How can I do that ? Sorry if it sound confusing. Thanks in advance
CodePudding user response:
You better using map to do the job.
df['dish_liked'] = df.rest_type.map({'Cafe':['value1','value2',...], 'Dessert Parlor':['value1','value2',...],...}
To make it automate you will need to create a dictionary for it, for instance.
def build_di(k):
di = {k: df[df.rest_type == k]['dish_liked'].value_counts()[:5]}
return di
i = df.rest_type.unique()
di = build_di(i[0])
for x in i[1:]:
di.update(build_di(x))
df['dish_liked'] = df['dish_liked'].fillna(df.rest_type.map(di))
I am not sure if it will work out of the box because I coded it without creating a dataset, just from a logic point of view. Though the logic is there. Next time just build a dummy dataset as an example to make it easier to people help you.

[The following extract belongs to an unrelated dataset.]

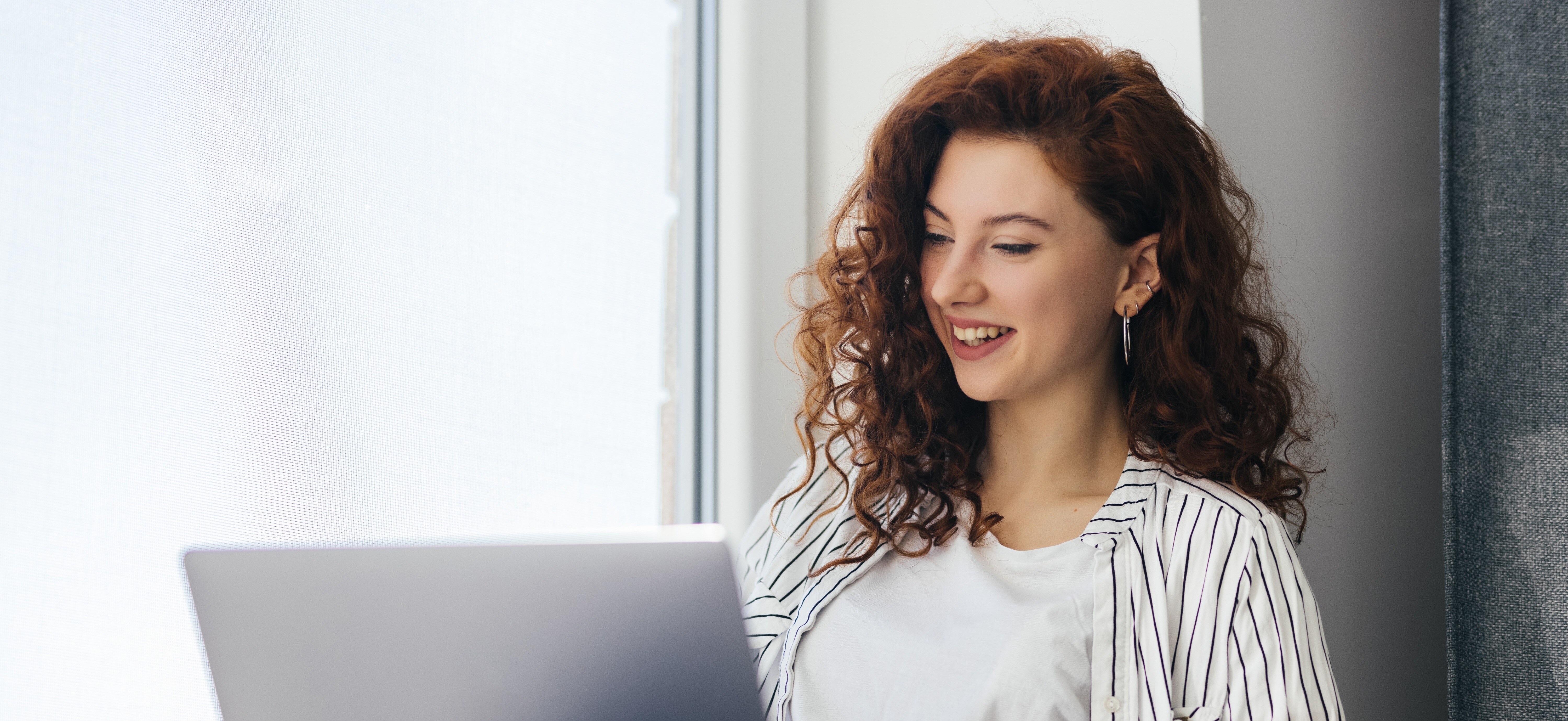 beautiful-positive-woman-using-laptop-sitting-windowsill-city-apartment-young-redhaired-woman-working-home-freelance-concept-1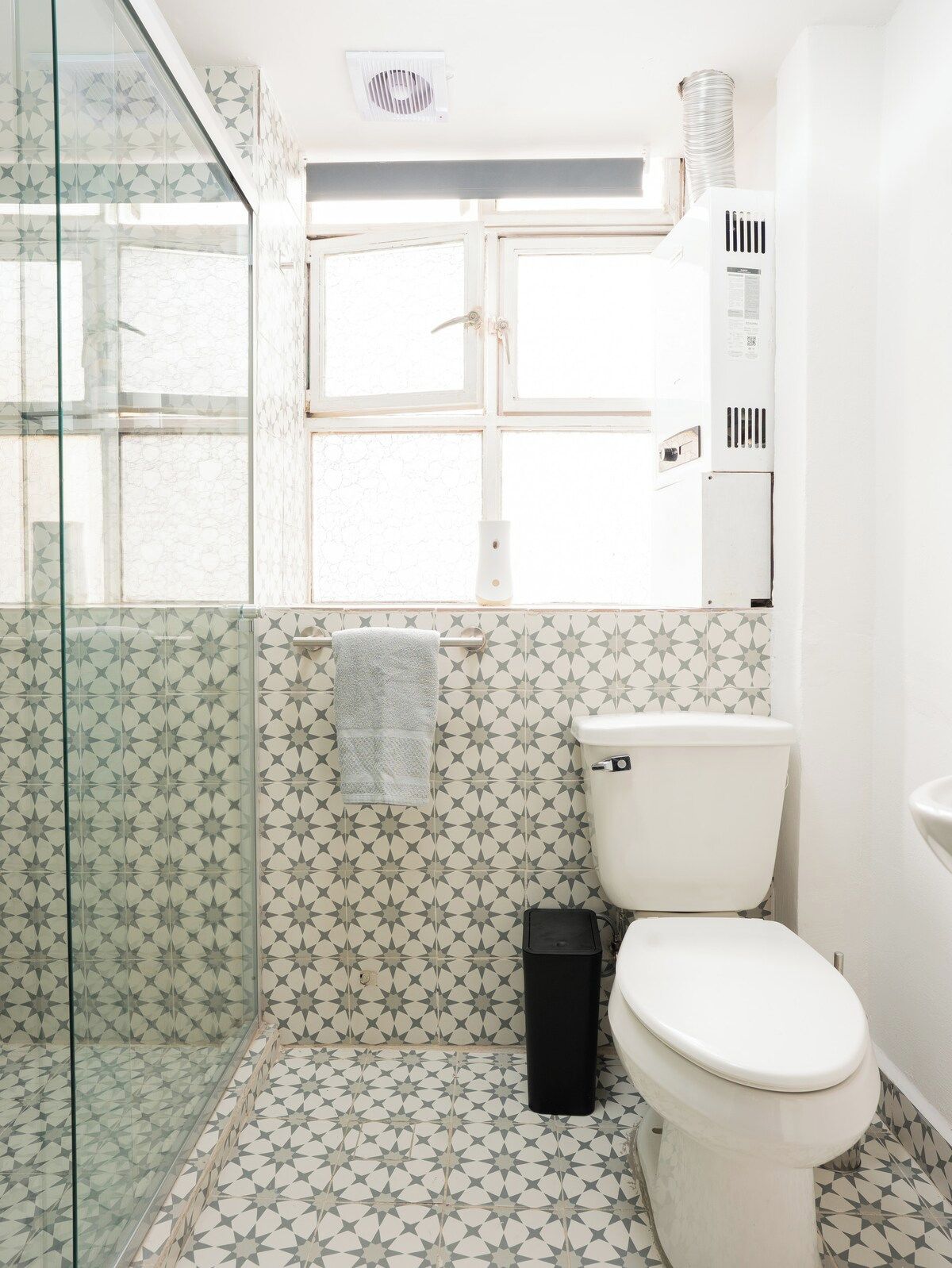Ein Badezimmer mit Duschkabine aus Glas, Toilette und Waschbecken.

CodePudding user response:
Thanks. But is there any simple way to fill all the Nan values randomly in "dish_liked" columns if the "rest_type" == "Cafe" with these 5 strings
Friendly Staff 21
Burgers, Coffee, Waffles, Mocktails, Pasta, Brownie Chocolate, Chicken Salami 21
Burgers, Pasta, Chocolate Mousse, Potato Wedges, Cup Cake, Cheesy Fries, Peri Peri Chicken 21
Burgers, Coffee, Cappuccino, Barbeque Burger, Sandwiches, Spinach Pasta, Sandwich 20
Bannoffee Pie, Pasta, Sandwiches, Salsa, Sandwich, Salads, Pita Bread 19
I'm quite a newbie